Depreciation has been provided on Diminishing Value Method at rates
specified by the Companies Act, 1956 in Schedule XIV. Depreciation on
addition/deduction is calculated prorata basis from the date of
addition/deduction.
c. INCOME RECOGNITION:
All revenue/incomes are recognised on Accrual Basis of Accounting.
d. EXPENSES:
All expenses have been accounted for on Accrual Basis of Accounting.
e. INCOME TAX:
The Current Charges for Income Tax is calculated in accordance with the
relevant tax regulations applicable to the Company. Deferred tax assets
and liabilities are recognised for further tax consequences
attributable to the timing differences that results between the profits
offered for income tax and profit as per the financial statements.
Deferred tax assets and liabilities are measured as per the tax
rates/laws that have been enacted or substantively enacted by the
Balance Sheet date.
f. The Company has taken over draft facility from Karnataka Bank Ltd.
against lien of fixed deposit with the Bank in the name of Company and
promoters of the Company. The outstanding amount as at 31-3-2011 is
Rs. 1,81,23,172/- (maximum outstanding during the year was Rs.

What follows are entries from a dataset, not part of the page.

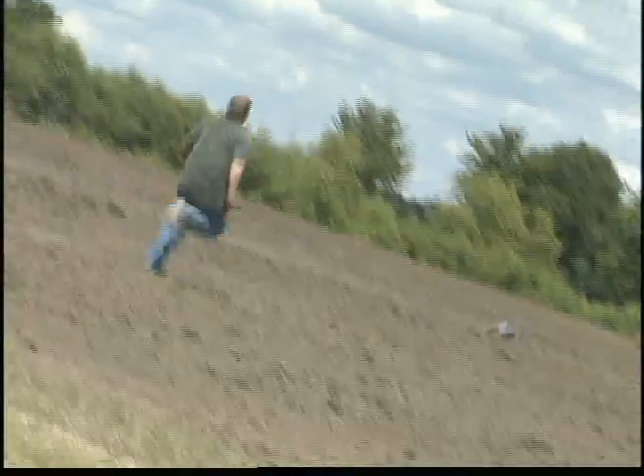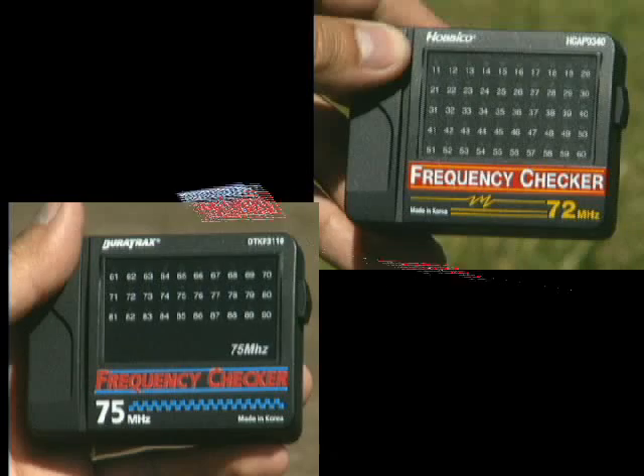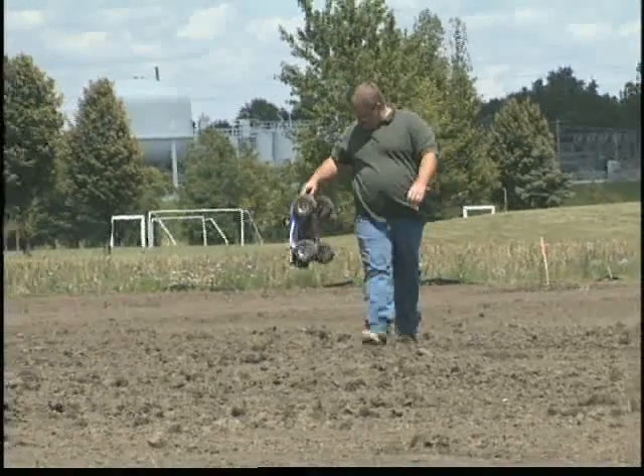This is what can happen when another RC transmitter is turned on to the channel you're currently using. And these are the must-have accessories from Duratrax and Hobby Co. that'll make sure this kind of mishap doesn't happen to you.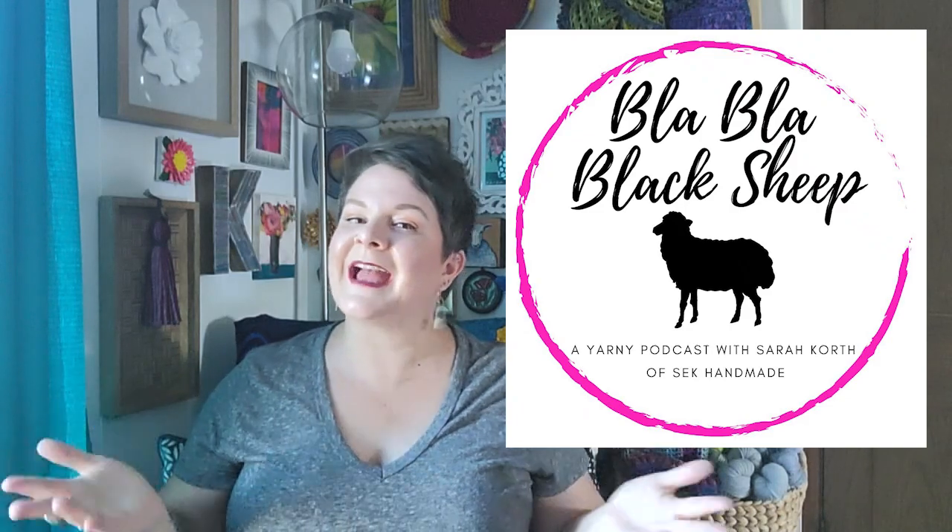Hello, and welcome to Blah Blah Black Sheep, a weekly yarny podcast where I, Sarah Korth of S.E.K. Handmade, answer your yarny questions. Welcome — I am so glad you are here.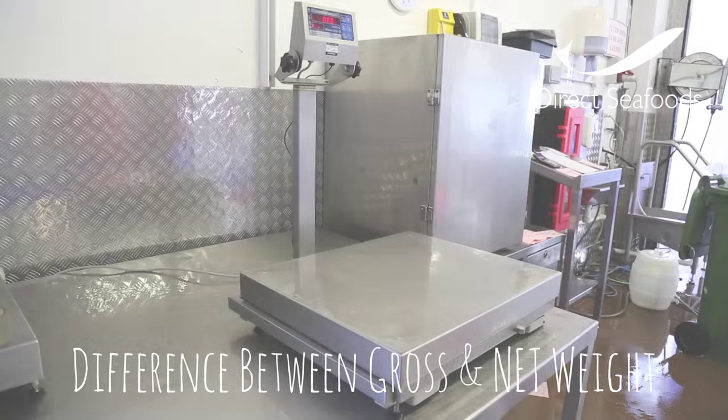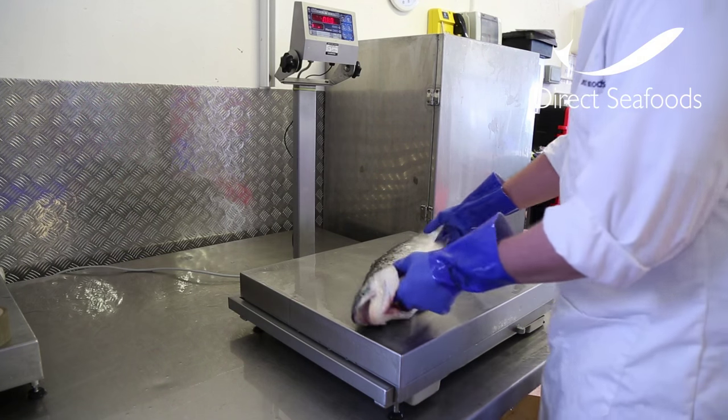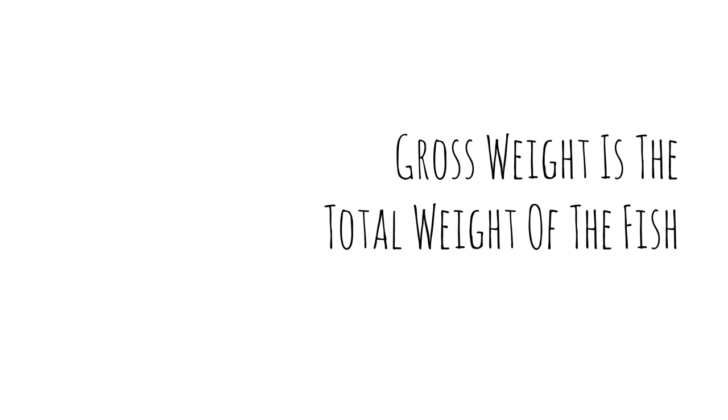The difference between gross and net weight is one of the most commonly asked questions that we receive on a daily basis. This salmon will weigh just over 3kg and that is the gross weight. Gross is the weight of the entire product, nothing prepped, nothing trimmed.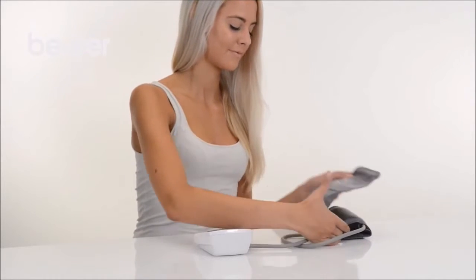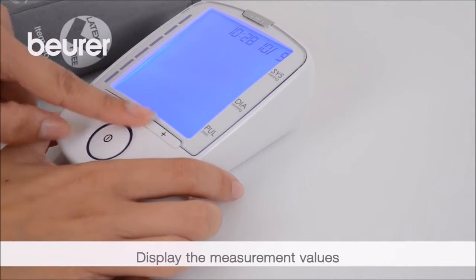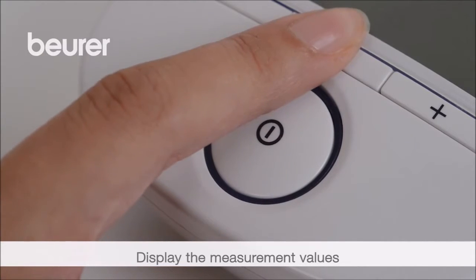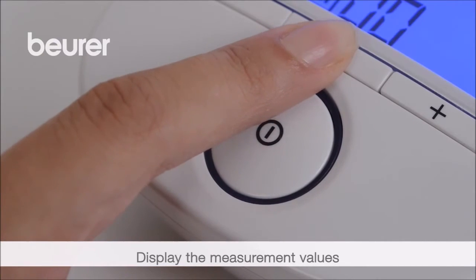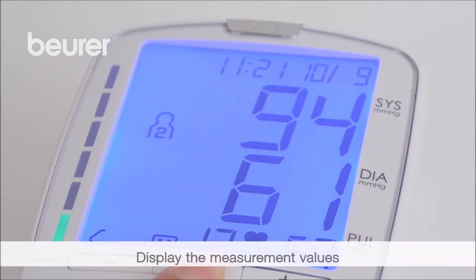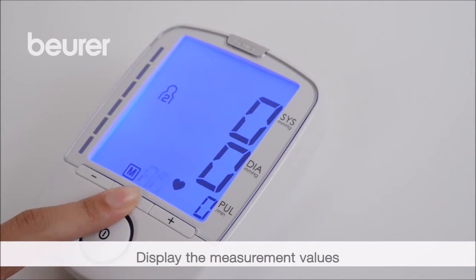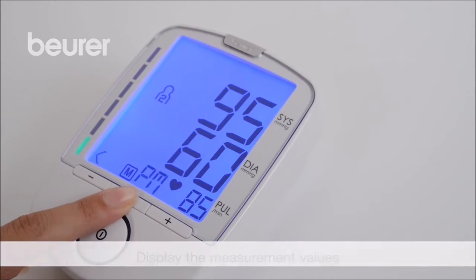Displaying and deleting measurement values. Select the user memory by pressing plus or minus. Press start/stop to confirm your selection. Then press the memory button M. The average value of all stored measurement values appears. Repeatedly pressing the M button calls up average values for morning and evening, as well as other individual values.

2,56,00,000/- against the sanction limit of Rs. 2,56,00,000/- the
amount has been shown as current liabilities with the reason of the
fact that limit has been taken for a very temporary period.
g. CAPITAL COMMITMENT:
Capital commitment as on 31.03.2011 Rs. Nil (Previous Year Rs. Nil)
g. DEBTORS: All the debtors are unsecured with the company.
Mar 31, 2010
A. BASIS OF ACCOUNTING :
The Financial Statements are prepared under the historical cost
convention and in accordance with the requirements of the Companies
Act, 1956 and accepted accounting standards.
b. FIXED ASSETS :
Fixed assets have been stated at cost of acquisition less depreciation.

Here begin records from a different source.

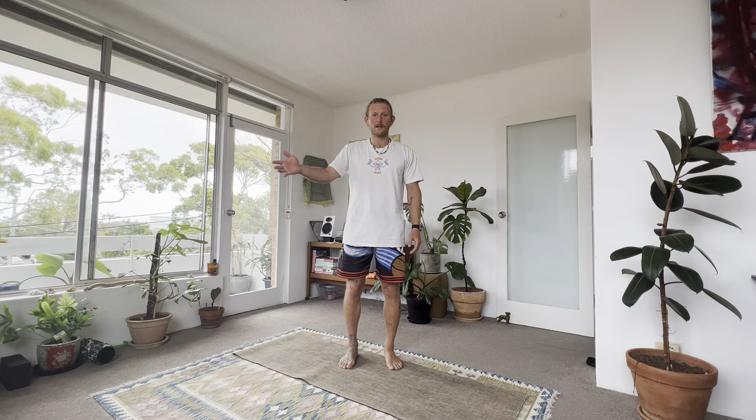So there we go — that's just five minutes. Reset. Do that, go back to work, go pick up the kids, whatever you've got to do. Enjoy. Thanks.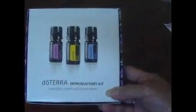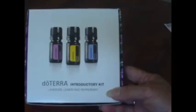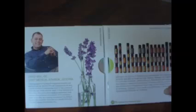I got the doTERRA introductory kit — that's essential oils. I got lavender, lemon, and peppermint, and from what I read those are three of the main things you'd need. With that came a couple of discs to show you how to use them and what all they offer. I had planned on ordering from somebody, but this will be a good start to get into what's what and how to use them.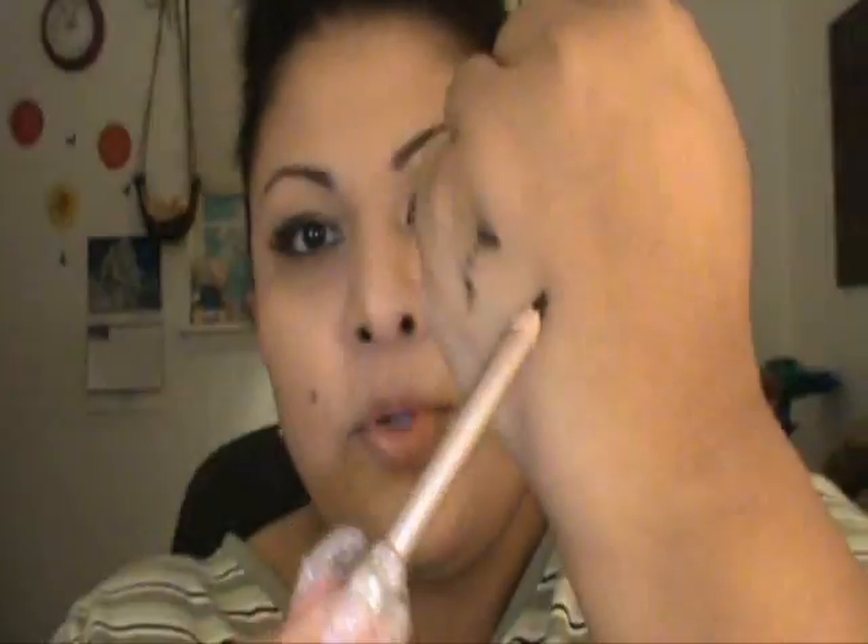She also has a little contour around the nose. This is from Milani — it's a really dark burgundy, kind of plum — and I'm just going to outline my lips.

Depreciation has been provided on Diminishing Value Method at rates
specified by the Companies Act, 1956 in Schedule XIV. Depreciation on
addition/deduction is calculated prorata basis from the date of
addition/deduction.
c. INCOME RECOGNITION :
All revenue/incomes are recognised on Accrual Basis of Accounting.
d. EXPENSES :
All expenses have been accounted for on Accrual Basis of Accounting.
e. INCOME TAX :
The Current Charges for Income Tax is calculated in accordance with the
relevant tax regulations applicable to the Company. Deferred tax assets
and liabilities are recognised for further tax consequences
attributable to the timing differences that results between the profits
offered for income tax and profit as per the financial statements.
Deferred tax assets and liabilities are measured as per the tax
rates/laws that have been enacted or substantively enacted by the
Balance Sheet date.
f. Capital Commitment :
Capital commitment as on 31.03.2010 Rs. Nil (Previous Year Rs. Nil)
g. Debtors: All the debtors are unsecured with the company.